Euroscepticism might be on the rise across Europe, but the continental debate on the EU is not even remotely as detached from reality as it is in the UK. Except for those on the far right, Eurosceptics usually question individual aspects of the EU such as the euro or the recent austerity policy rather than membership. What is more, tabloids spreading lies and myths on the EU to the same extent as The Sun, The Express or The Daily Mail either don’t exist or are not quite as influential in other member states. Finally, the countries displaying the strongest degree of Euroscepticism tend to be those most dependent on EU funding, limiting both their incentive to leave as well as the impact their exit would have on the Union.
Brexit is a catastrophe. But a close win for Remain would not exactly have been a triumph either. Neither would it have weakened the likes of Nigel Farage, nor would it have strengthened the European idea. In contrast, Brexit will finally showcase what the European Union actually means for the well-being of its members. It will shed light on the benefits it entails – benefits that are largely taken for granted. And it will show in all brutality what it means to give up on them.
The current chaos in Britain does not go unnoticed. Neither will Brexit’s medium to long term impact on the UK. If the damage to continental Europe and its economy can be contained, Brexit might even reinvigorate sympathies for European integration.

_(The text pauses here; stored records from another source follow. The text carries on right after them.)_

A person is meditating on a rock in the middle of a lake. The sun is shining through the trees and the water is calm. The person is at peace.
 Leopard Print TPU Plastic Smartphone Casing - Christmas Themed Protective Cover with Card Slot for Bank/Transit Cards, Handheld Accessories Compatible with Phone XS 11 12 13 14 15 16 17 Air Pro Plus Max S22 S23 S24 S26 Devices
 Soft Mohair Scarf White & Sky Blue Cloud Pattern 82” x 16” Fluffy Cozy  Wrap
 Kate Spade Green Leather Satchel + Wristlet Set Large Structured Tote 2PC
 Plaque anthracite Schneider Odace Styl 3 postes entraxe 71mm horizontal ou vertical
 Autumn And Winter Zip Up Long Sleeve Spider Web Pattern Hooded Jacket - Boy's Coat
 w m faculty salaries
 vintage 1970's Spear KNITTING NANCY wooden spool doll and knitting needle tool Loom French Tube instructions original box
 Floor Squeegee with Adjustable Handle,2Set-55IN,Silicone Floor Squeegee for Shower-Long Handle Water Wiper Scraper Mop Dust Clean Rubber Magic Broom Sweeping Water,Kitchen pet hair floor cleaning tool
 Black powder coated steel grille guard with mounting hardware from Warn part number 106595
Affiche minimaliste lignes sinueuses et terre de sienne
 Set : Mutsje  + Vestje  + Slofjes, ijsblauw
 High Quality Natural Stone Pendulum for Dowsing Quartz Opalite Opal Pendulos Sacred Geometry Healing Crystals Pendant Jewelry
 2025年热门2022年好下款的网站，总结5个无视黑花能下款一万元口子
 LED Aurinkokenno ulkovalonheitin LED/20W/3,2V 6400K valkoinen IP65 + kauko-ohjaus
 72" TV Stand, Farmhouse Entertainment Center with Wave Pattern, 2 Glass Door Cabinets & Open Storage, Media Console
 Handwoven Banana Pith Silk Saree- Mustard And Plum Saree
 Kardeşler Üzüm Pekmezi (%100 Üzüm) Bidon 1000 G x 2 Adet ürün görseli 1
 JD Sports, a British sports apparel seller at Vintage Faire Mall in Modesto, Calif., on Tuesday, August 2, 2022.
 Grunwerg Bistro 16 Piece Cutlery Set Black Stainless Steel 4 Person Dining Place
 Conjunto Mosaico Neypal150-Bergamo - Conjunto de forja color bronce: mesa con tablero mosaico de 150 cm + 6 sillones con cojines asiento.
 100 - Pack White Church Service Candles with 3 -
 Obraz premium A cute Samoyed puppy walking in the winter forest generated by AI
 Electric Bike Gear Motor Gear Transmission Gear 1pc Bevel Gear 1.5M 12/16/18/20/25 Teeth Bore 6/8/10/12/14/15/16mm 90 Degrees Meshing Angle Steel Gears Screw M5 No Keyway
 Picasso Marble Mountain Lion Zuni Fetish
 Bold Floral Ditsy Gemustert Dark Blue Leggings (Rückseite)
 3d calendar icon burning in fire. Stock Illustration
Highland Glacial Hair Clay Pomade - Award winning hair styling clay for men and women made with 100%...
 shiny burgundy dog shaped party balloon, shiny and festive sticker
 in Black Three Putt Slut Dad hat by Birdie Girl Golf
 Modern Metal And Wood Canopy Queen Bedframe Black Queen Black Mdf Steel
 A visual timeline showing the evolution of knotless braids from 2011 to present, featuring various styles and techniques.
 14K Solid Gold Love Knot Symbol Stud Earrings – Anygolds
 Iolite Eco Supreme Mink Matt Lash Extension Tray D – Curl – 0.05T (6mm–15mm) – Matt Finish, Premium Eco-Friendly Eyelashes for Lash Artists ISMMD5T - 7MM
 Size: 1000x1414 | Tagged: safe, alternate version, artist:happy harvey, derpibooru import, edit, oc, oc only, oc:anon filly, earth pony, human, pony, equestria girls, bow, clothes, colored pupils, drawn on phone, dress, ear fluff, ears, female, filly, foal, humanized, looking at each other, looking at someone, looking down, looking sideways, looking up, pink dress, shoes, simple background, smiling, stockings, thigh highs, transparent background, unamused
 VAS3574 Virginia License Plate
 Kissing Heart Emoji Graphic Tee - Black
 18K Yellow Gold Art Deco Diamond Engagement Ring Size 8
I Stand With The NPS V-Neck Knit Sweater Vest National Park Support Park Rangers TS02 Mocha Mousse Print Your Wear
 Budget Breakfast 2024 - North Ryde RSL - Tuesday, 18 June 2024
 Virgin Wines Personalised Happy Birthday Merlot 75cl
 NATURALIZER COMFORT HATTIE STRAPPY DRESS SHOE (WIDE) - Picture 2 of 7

The best option the UK can hope for now is to get a deal like Switzerland or Norway. If it wants to retain free movement of goods, services and capital, then it will also have to accept free movement of persons. Access to the single market will require adhering to much of the EU’s key legislation and paying into the EU’s budget. Hence there will be few savings to be spent in Britain, let’s say on the NHS. At the same time the UK will not be at the table when decisions on the EU legislation it will have to follow or the EU’s budget it will have to contribute to are made. Meanwhile, the UK might lose the passporting rights enabling London-based banks to operate freely across Europe’s financial markets and which would prompt financial institutions to relocate parts of their staff and operations to the Eurozone. Obviously experts predicted all that before the referendum. But then again expert opinion wasn’t very much in demand.
Continental Europe might develop more favourably. Brexit is unlikely to be followed by a leap towards federalism in Europe. However, the European Union will face far less political resistance to further integration and to the creation of economic governance able to deal more efficiently with the Eurozone crisis and potentially prevent further ones. Moreover, it will face less obstacles to developing its social dimension, offering the opportunity to win back trust within its populations.
Over the next one or two decades, the British public might realize that sitting at the table in Brussels were worth the few more directives and regulations that EU membership entails in comparison to the deal they will have by then. They may even realize that participation in Europe’s political integration is more than just a necessary evil. The UK’s demographic development will work in favour of such developments.
At some point, Britain could consider applying for membership again. It will face the same accession process as all other candidate countries. It will have to implement the entire Acquis Communautaire without getting any relevant opt-outs or rebates. And then one day, it might rejoin what has hopefully become a more integrated, more social and much better governed European Union. One that possibly already has Scotland as a member.